These are the same problems we find amongst Black men, but instead of coming together to resolve these issues for the community, too many women are choosing to lay the blame at the feet of men, while attempting to solve the issues solely for women.
We can only resolve these problems together, because they affect us all-men AND women, instead of pretending they are the sole issues of Black women caused solely by Black men.
Sadly, too many Black women have spent time telling the world how horrible Black men are.
But guess who has been listening and who has bought into that?
A number of today’s Black men and Black boys, many of who have been raised by single Black women.
We all know that there are a number of Black men who are weak, sad and sorry. The problem is when Black women pretend that those weak men represent ALL Black man simply because these crappy men are all the men they know.
Evil, ignorant Black man haters take this to extremes, vacillating between telling men how horrible they are and demanding that those same men deliver the things they desire. In search of something called the “Benevolent Thug.”
If we believe what these women say, we must pretend that over the past thirty to forty years, the male side of the Black race has either by sheer will or by force of nature simply fallen down, while the female side has become better than ever.
Whatever the case, no one is asking Black women to fix Black men.
And no one is asking Black women to stop working to improve the lot of Black women.
Really, there are only two things that Black men need Black women to do.
1-Stop telling the world and us what horrible bags of crap you think we are.
2-Stop dating and having children with Black men you know are weak and sorry, so you won’t think we are all that way.
Now, before we all take sides and line up to lob more grenades across the gender divide, let me ask one simple question of the Black women who come off as singularly concerned about the plight of Black females: “Do you really believe that the race can survive if many of us are torn between raising the condition of the community and raising the condition of one sex within the community?
And, if you seriously believe that Black women are far out in front of Black men, are you concerned enough to take decisive and affirmative action to bridge the gender divide?
Contemplate these questions before you accuse me of hating Black women.
Unless you are willing to work for both men AND women, then you care nothing about our people.
This is about getting more of us to see each other.

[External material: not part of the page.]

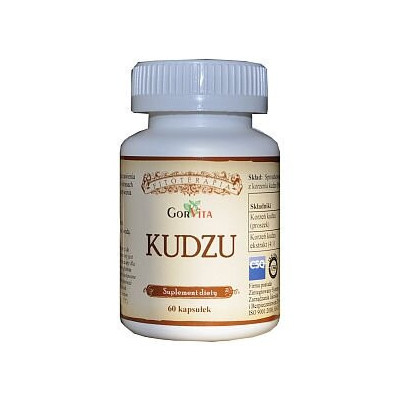 Kudzu 60 kaps. Gorvita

This is about getting more of us to talk to each other instead of at or about each other.
It is about us, which means that most of us should stand together.
The good news is that Black men across the nation are starting to realize that we must come to our own rescue and that we must take action, no matter who is coming to diminish us.

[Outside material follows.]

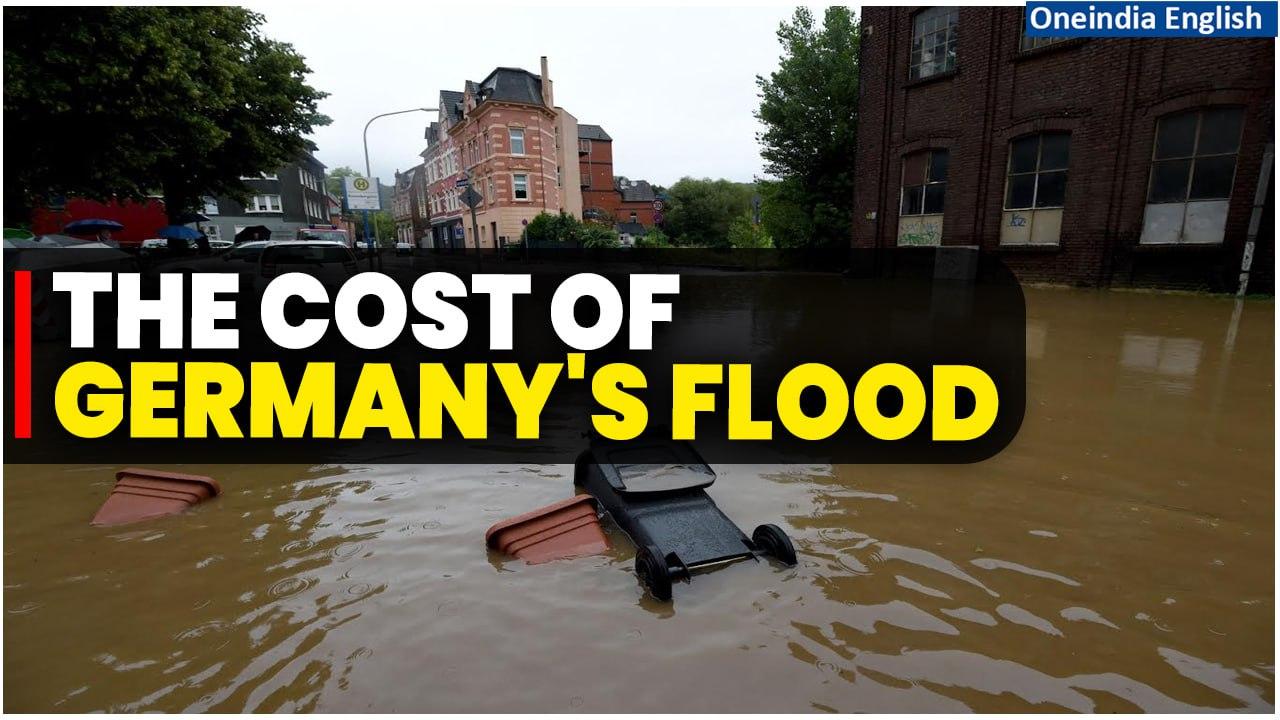 Devastating Floods in South Germany: [Video]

And, Black men are standing up. For the truth. For their families. For each other and contrary to popular opinion, for Black women.

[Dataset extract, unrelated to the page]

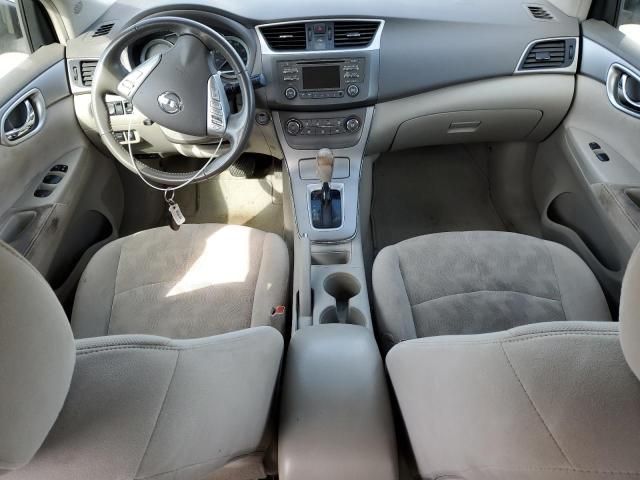 2013 Nissan Sentra S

Black men are creating mentoring programs, rites of passage programs and other programs designed to place more Black men in front of Black boys.
The only real assistance we need is to be left alone.
Even if you disagree with us, you should support us by stopping the lies and hate wherever they appear.
Or, you can sit back, hate us and do nothing.
I’m okay with that.
Just, please, don’t get in the way. And stop telling the world how much you hate us. It makes you look bad, too.
Black women, ask yourselves: Are you concerned with the hole that is in the bottom of my end of the boat?
If you are not, then do not complain, as we both continue to sink into a river of despair.
“We ourselves have to lift the levels of our community, the standard of our community to a higher level, make our own society beautiful so that we will be satisfied. We’ve got to change our minds about each other.”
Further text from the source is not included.